-- Opening Marker --

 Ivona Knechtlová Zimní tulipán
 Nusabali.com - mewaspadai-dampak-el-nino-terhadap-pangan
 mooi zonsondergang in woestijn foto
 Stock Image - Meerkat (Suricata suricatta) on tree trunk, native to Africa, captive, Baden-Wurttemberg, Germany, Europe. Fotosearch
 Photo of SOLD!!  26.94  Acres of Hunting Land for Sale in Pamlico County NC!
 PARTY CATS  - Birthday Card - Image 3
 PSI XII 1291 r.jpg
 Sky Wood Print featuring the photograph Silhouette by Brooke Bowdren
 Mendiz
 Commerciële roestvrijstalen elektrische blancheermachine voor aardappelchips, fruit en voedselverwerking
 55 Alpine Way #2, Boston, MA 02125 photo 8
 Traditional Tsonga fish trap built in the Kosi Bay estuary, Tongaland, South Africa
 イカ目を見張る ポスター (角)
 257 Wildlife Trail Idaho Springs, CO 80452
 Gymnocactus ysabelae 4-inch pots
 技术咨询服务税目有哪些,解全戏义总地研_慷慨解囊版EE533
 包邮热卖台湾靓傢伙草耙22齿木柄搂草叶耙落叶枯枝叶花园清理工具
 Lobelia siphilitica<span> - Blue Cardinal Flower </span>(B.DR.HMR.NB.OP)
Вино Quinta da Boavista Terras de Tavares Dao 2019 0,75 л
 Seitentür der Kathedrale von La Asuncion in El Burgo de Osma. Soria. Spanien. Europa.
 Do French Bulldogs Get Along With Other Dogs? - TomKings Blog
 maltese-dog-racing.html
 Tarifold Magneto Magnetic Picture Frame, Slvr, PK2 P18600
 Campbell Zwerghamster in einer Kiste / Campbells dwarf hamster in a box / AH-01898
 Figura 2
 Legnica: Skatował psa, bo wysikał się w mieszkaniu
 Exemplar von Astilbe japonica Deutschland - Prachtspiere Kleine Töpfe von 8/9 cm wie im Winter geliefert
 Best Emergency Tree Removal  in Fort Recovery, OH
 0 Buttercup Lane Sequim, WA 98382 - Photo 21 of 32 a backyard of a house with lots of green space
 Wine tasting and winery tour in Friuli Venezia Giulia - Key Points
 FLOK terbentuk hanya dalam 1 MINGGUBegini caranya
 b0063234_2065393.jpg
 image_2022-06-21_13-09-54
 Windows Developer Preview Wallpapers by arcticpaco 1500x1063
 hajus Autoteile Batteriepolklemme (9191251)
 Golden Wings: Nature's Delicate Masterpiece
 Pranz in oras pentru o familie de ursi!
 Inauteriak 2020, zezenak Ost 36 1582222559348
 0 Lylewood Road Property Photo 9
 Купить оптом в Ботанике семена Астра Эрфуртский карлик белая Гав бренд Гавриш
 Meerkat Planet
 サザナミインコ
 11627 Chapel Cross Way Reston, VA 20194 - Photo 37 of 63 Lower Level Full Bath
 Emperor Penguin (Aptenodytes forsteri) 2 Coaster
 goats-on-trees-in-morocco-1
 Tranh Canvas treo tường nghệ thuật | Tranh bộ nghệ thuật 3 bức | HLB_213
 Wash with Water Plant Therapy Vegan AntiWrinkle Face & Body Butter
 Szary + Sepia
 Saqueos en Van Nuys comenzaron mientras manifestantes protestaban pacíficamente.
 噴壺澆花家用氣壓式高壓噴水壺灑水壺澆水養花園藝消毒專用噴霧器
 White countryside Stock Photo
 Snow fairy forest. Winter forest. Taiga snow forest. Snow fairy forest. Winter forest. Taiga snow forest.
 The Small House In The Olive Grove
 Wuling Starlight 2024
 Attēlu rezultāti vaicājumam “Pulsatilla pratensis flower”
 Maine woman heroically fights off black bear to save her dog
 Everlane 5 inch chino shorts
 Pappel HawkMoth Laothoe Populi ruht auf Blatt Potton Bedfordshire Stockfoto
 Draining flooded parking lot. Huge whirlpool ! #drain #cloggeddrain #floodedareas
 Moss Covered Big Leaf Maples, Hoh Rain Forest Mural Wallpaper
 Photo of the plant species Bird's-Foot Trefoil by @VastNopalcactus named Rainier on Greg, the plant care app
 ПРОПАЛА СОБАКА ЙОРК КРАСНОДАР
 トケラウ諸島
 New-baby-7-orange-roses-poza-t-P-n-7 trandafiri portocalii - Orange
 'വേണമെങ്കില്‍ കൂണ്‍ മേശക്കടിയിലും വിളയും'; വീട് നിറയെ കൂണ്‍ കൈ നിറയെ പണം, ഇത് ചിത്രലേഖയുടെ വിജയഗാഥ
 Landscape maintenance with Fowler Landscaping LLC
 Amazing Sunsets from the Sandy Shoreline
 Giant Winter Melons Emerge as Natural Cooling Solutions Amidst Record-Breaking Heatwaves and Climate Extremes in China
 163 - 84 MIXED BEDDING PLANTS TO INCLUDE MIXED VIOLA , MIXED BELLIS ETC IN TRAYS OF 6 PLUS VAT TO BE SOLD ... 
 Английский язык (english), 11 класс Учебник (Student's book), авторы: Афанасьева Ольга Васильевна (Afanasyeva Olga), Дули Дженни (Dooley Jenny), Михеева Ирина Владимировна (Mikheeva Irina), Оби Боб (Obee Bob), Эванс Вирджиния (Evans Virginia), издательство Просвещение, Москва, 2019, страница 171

-- Closing Marker --

**Instructions to follow**
Set down the data above once more so that nothing differs from the original.

**Solved exercise**
 Ivona Knechtlová Zimní tulipán
 Nusabali.com - mewaspadai-dampak-el-nino-terhadap-pangan
 mooi zonsondergang in woestijn foto
 Stock Image - Meerkat (Suricata suricatta) on tree trunk, native to Africa, captive, Baden-Wurttemberg, Germany, Europe. Fotosearch
 Photo of SOLD!!  26.94  Acres of Hunting Land for Sale in Pamlico County NC!
 PARTY CATS  - Birthday Card - Image 3
 PSI XII 1291 r.jpg
 Sky Wood Print featuring the photograph Silhouette by Brooke Bowdren
 Mendiz
 Commerciële roestvrijstalen elektrische blancheermachine voor aardappelchips, fruit en voedselverwerking
 55 Alpine Way #2, Boston, MA 02125 photo 8
 Traditional Tsonga fish trap built in the Kosi Bay estuary, Tongaland, South Africa
 イカ目を見張る ポスター (角)
 257 Wildlife Trail Idaho Springs, CO 80452
 Gymnocactus ysabelae 4-inch pots
 技术咨询服务税目有哪些,解全戏义总地研_慷慨解囊版EE533
 包邮热卖台湾靓傢伙草耙22齿木柄搂草叶耙落叶枯枝叶花园清理工具
 Lobelia siphilitica<span> - Blue Cardinal Flower </span>(B.DR.HMR.NB.OP)
Вино Quinta da Boavista Terras de Tavares Dao 2019 0,75 л
 Seitentür der Kathedrale von La Asuncion in El Burgo de Osma. Soria. Spanien. Europa.
 Do French Bulldogs Get Along With Other Dogs? - TomKings Blog
 maltese-dog-racing.html
 Tarifold Magneto Magnetic Picture Frame, Slvr, PK2 P18600
 Campbell Zwerghamster in einer Kiste / Campbells dwarf hamster in a box / AH-01898
 Figura 2
 Legnica: Skatował psa, bo wysikał się w mieszkaniu
 Exemplar von Astilbe japonica Deutschland - Prachtspiere Kleine Töpfe von 8/9 cm wie im Winter geliefert
 Best Emergency Tree Removal  in Fort Recovery, OH
 0 Buttercup Lane Sequim, WA 98382 - Photo 21 of 32 a backyard of a house with lots of green space
 Wine tasting and winery tour in Friuli Venezia Giulia - Key Points
 FLOK terbentuk hanya dalam 1 MINGGUBegini caranya
 b0063234_2065393.jpg
 image_2022-06-21_13-09-54
 Windows Developer Preview Wallpapers by arcticpaco 1500x1063
 hajus Autoteile Batteriepolklemme (9191251)
 Golden Wings: Nature's Delicate Masterpiece
 Pranz in oras pentru o familie de ursi!
 Inauteriak 2020, zezenak Ost 36 1582222559348
 0 Lylewood Road Property Photo 9
 Купить оптом в Ботанике семена Астра Эрфуртский карлик белая Гав бренд Гавриш
 Meerkat Planet
 サザナミインコ
 11627 Chapel Cross Way Reston, VA 20194 - Photo 37 of 63 Lower Level Full Bath
 Emperor Penguin (Aptenodytes forsteri) 2 Coaster
 goats-on-trees-in-morocco-1
 Tranh Canvas treo tường nghệ thuật | Tranh bộ nghệ thuật 3 bức | HLB_213
 Wash with Water Plant Therapy Vegan AntiWrinkle Face & Body Butter
 Szary + Sepia
 Saqueos en Van Nuys comenzaron mientras manifestantes protestaban pacíficamente.
 噴壺澆花家用氣壓式高壓噴水壺灑水壺澆水養花園藝消毒專用噴霧器
 White countryside Stock Photo
 Snow fairy forest. Winter forest. Taiga snow forest. Snow fairy forest. Winter forest. Taiga snow forest.
 The Small House In The Olive Grove
 Wuling Starlight 2024
 Attēlu rezultāti vaicājumam “Pulsatilla pratensis flower”
 Maine woman heroically fights off black bear to save her dog
 Everlane 5 inch chino shorts
 Pappel HawkMoth Laothoe Populi ruht auf Blatt Potton Bedfordshire Stockfoto
 Draining flooded parking lot. Huge whirlpool ! #drain #cloggeddrain #floodedareas
 Moss Covered Big Leaf Maples, Hoh Rain Forest Mural Wallpaper
 Photo of the plant species Bird's-Foot Trefoil by @VastNopalcactus named Rainier on Greg, the plant care app
 ПРОПАЛА СОБАКА ЙОРК КРАСНОДАР
 トケラウ諸島
 New-baby-7-orange-roses-poza-t-P-n-7 trandafiri portocalii - Orange
 'വേണമെങ്കില്‍ കൂണ്‍ മേശക്കടിയിലും വിളയും'; വീട് നിറയെ കൂണ്‍ കൈ നിറയെ പണം, ഇത് ചിത്രലേഖയുടെ വിജയഗാഥ
 Landscape maintenance with Fowler Landscaping LLC
 Amazing Sunsets from the Sandy Shoreline
 Giant Winter Melons Emerge as Natural Cooling Solutions Amidst Record-Breaking Heatwaves and Climate Extremes in China
 163 - 84 MIXED BEDDING PLANTS TO INCLUDE MIXED VIOLA , MIXED BELLIS ETC IN TRAYS OF 6 PLUS VAT TO BE SOLD ... 
 Английский язык (english), 11 класс Учебник (Student's book), авторы: Афанасьева Ольга Васильевна (Afanasyeva Olga), Дули Дженни (Dooley Jenny), Михеева Ирина Владимировна (Mikheeva Irina), Оби Боб (Obee Bob), Эванс Вирджиния (Evans Virginia), издательство Просвещение, Москва, 2019, страница 171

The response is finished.